Shallow-marine records of pyroclastic surges and fallouts over water in Jeju Island, Korea, and their stratigraphic implications
- Authors
- Sohn, Y. K.; Yoon, S. -H.
- Issue Date
- Aug-2010
- Publisher
- Geological Society of America
- Citation
- Geology, v.38, no.8, pp 763 - 766
- Pages
- 4
- Indexed
- SCI
SCIE
SCOPUS
- Journal Title
- Geology
- Volume
- 38
- Number
- 8
- Start Page
- 763
- End Page
- 766
- URI
- https://scholarworks.gnu.ac.kr/handle/sw.gnu/25009
- DOI
- 10.1130/G30952.1
- ISSN
- 0091-7613
1943-2682
- Abstract
- Explosive volcanism results in a wide range of volcaniclastic deposits in many of Earth's subaerial and subaqueous environments. In this paper, we introduce a unique, shallow-marine volcaniclastic deposit from Jeju Island, Korea, for which the materials were transported to the water surface by pyroclastic clouds and then settled from the surface as they were entrained in the water. The deposition occurred under alternating currents and still waters, which is most plausibly attributed to tidal processes.

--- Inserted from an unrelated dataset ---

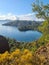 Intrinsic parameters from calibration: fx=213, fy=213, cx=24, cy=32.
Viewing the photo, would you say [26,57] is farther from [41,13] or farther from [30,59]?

Mud flasers or drapes intercalated in the deposit, which indicate periods of slack water during tidal cycles, suggest that the deposit accumulated in a very short period of a fortnight or a month, about a million times faster than the adjacent sedimentary strata. Because of the unusually high sedimentation rate, the volcaniclastic deposit could record the "usual" fair-weather processes in the depositional site at a resolution that is almost never provided by ordinary sedimentary deposits. This finding highlights the biases in Earth's stratigraphic records and teaches us that volcanic deposits, commonly regarded as the products of catastrophic events, can in some cases record more faithfully the ordinary and usual processes that nonvolcanic deposits cannot.